Not to hijack the thread or anything, but this seems like the place for newbies to ask how to get into urban riding. Anyways, my rig is currently a '05 Hardrock SS. Besides the tires, are there any other upgrades that would be really handy to have as soon as you start getting into this type of riding seriously? I really just planned to let everything wear itself out until it needs replacement, but if there is anything that would be useful right way, I don't mind breaking out the lawnmower and making a few extra bucks.

Thanks,
VDK


----------



## standard235 (Jul 23, 2005)

New fork, pedals, grips...



About it really... you'd need a new front hub for something like a Pike..


----------



## BikeSATORI (Mar 20, 2004)

ok, drops to flat are not the place to start, or even progress really... look for smooth lines. Finding lines is the true eye of a street rider, dropping ledges is not. You'll find the seasoned street rider will ride lines you have never even thought of, not just, hey, there's a ledge, let's drop it...  
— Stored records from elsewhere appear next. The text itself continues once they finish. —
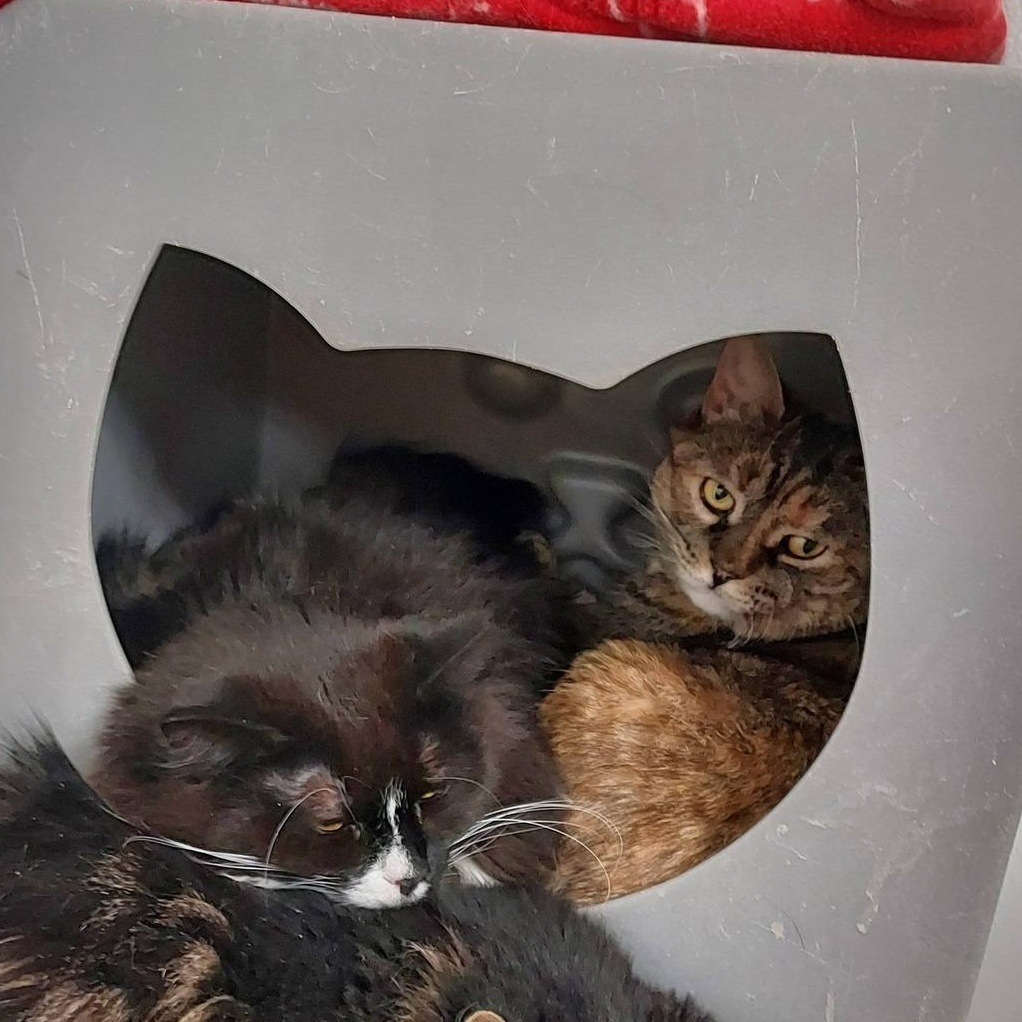 Enlarge Arete, a Adoptable Torbie in Albany, NY image 3/5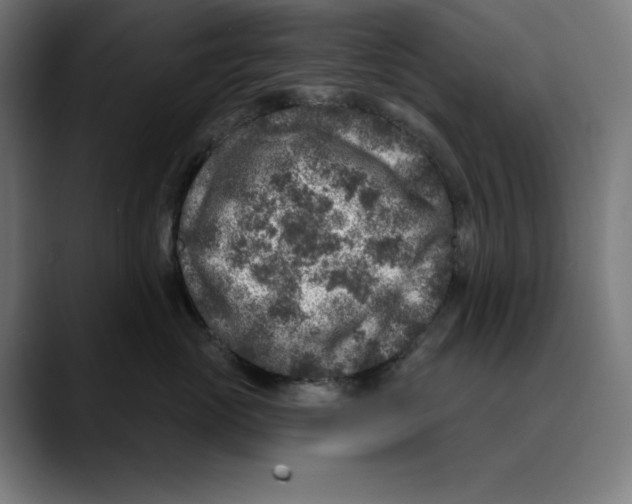 X0000088920765200707061403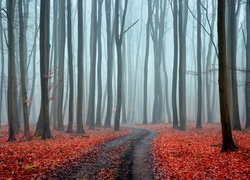 Droga wśród opadłych liści w zamglonym lesie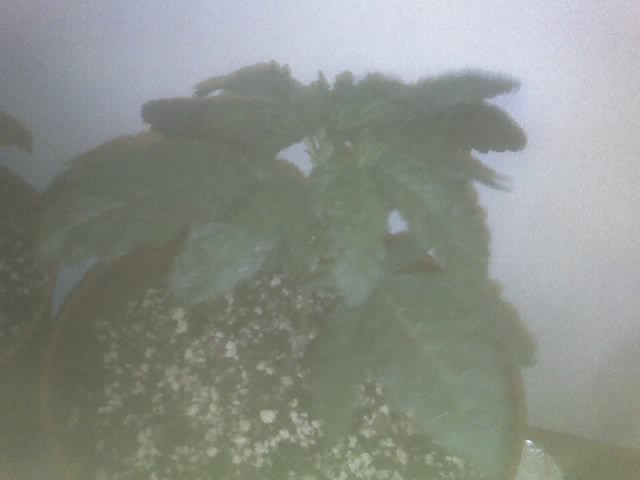 Big Plants growing NOW and i CANT say enough for this product BIO_grow as it has done wonders for MY plants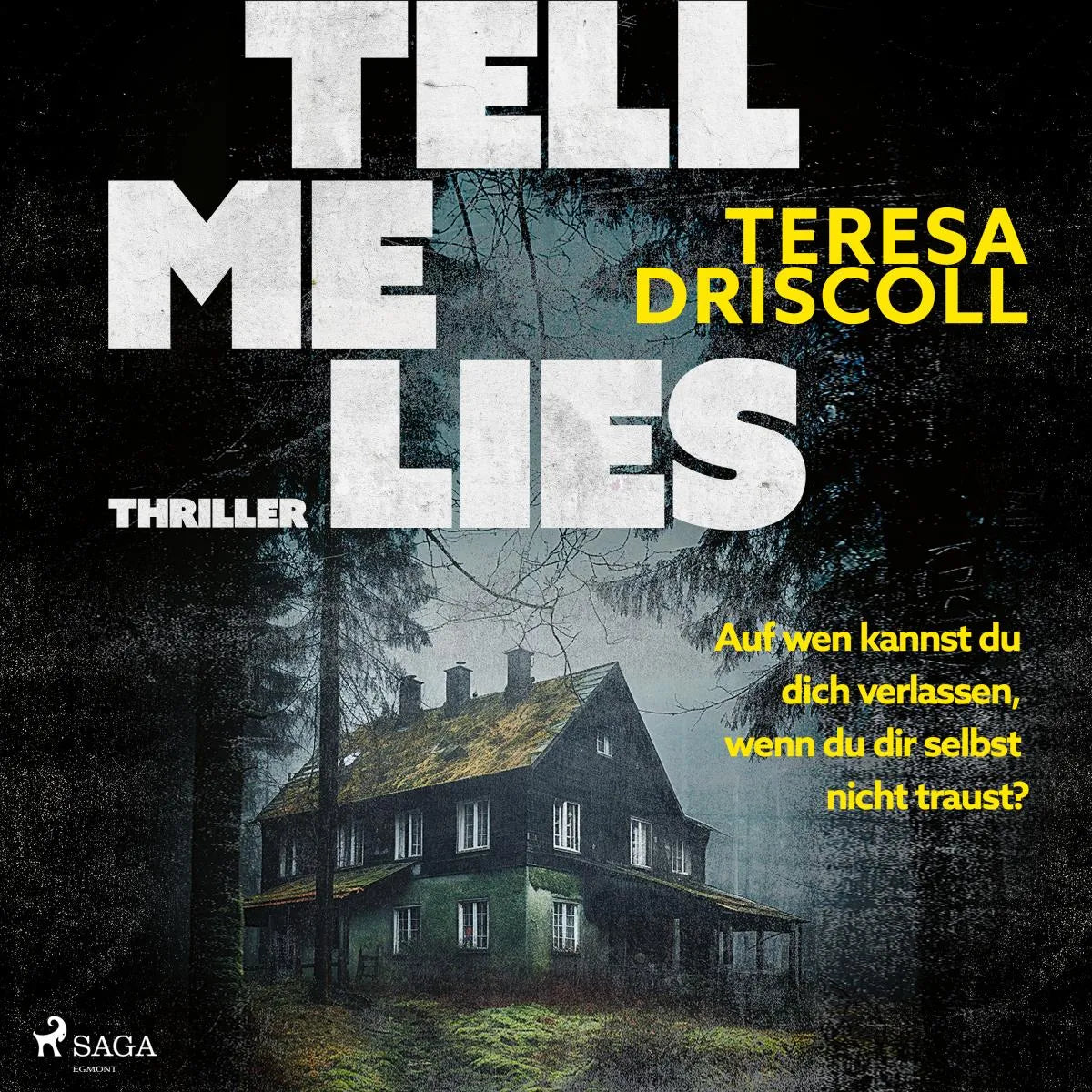 Cover: Tell Me Lies (Hörbuch Download) von Teresa Driscoll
that said, I think the manual is a key to the big bunny hop. once you are comfortable with that balance point, you can tell where to transfer weight when bunnyhopping. It makes your bunny hop looks smoother too, not like some xc rider with clipless pedals hopping both wheels at the same time.

but, what I'm working on, and I CANNOT get right now is the bunny hop to manual... I can get it just for a bit on up curbs, but that's it.... I can get the air for it, but usually land both wheels on step-ups. If I lean too far back preparing to land manual, I don't get the air, or I bump the curb with the back tire, and it brings the front down.... It's frustrating....

Pedal kicks are another thing I've worked on, but my bashed shins disagree...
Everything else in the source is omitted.